Maybe that not the Cafe metaphor alone evokes the operating principles of dialogue, but that it is the Cafe metaphor combined with some set of something else – like the weaving of the red thread, a process design issue.

So the red thread, or the questions that travel well, and the context that holds the question, is what takes the world Cafe from being a place of small talk to a place of dialogue.

The intention that you have when you enter is of importance. The intention held while entering is responsible for whatever outcome will be at the dialogue.

From an outside point of view, we could even think of the Cafe as a kind of black box. And then entering with the intention. And then the black box, we don’t know what goes on, but some people describe it as dialogue. And then out of that black box comes, social invention, lines of action, commitment to action, community, connections, intellectual capital.

Lengthy speeches of concepts and methods and principles and all that, doesn’t go with a cafe. But the telling of a story or listening to a piece of music, someone entertaining with juggling – that could be part of a cafe.

I would suspect that the storytelling or a piece of music, well chosen, or a poem, would be a better way of starting such a dialogue than the features about why we are here and what we want to achieve.

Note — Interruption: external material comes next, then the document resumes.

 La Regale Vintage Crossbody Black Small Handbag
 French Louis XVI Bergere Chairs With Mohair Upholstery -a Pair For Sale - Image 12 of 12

Principles at work recognised

  • Small groups enabling a lot of participation.
  • Dividing the dialogue into several smaller dialogues doesn’t divide the whole community into small communities.
  • The expectation that all of the dialogues going on simultaneously were going to be part of the whole, or were already part of the whole.
  • We never had report backs.
  • They don’t all need to sit together all the time if there’s been enough cross pollination.

That is what makes The World Cafe possible. Because we will never have everybody in the same room.

Ensure, invite, catalyse, design for cross pollination between conversations on the assumption that any part of the whole of the conversation will reproduce the essence of the whole in the next conversation.

That would also give meaning to the understanding that what is going on right here is of importance, because just one single word added here could change the whole understanding over there.

There was something great about the coming back and discovering what had happened to what you started.

I think its possible to modify while the dialogue is taking place. Not to control, but to modify and to facilitate, to subject new threads of focus. If the modification is timely, if the modification travels, then it’s well timed and framed. If it travels well, you know you’ve made a difference.

It made a big difference in a certain way to this group, the fact that they were all in the same room, the feeling of community was important.

The principle here is not so much that the learning would have taken place because it already has taken place. But that by noticing the learning, the next emergence in terms of order or possibility is made more articulate, more actionable.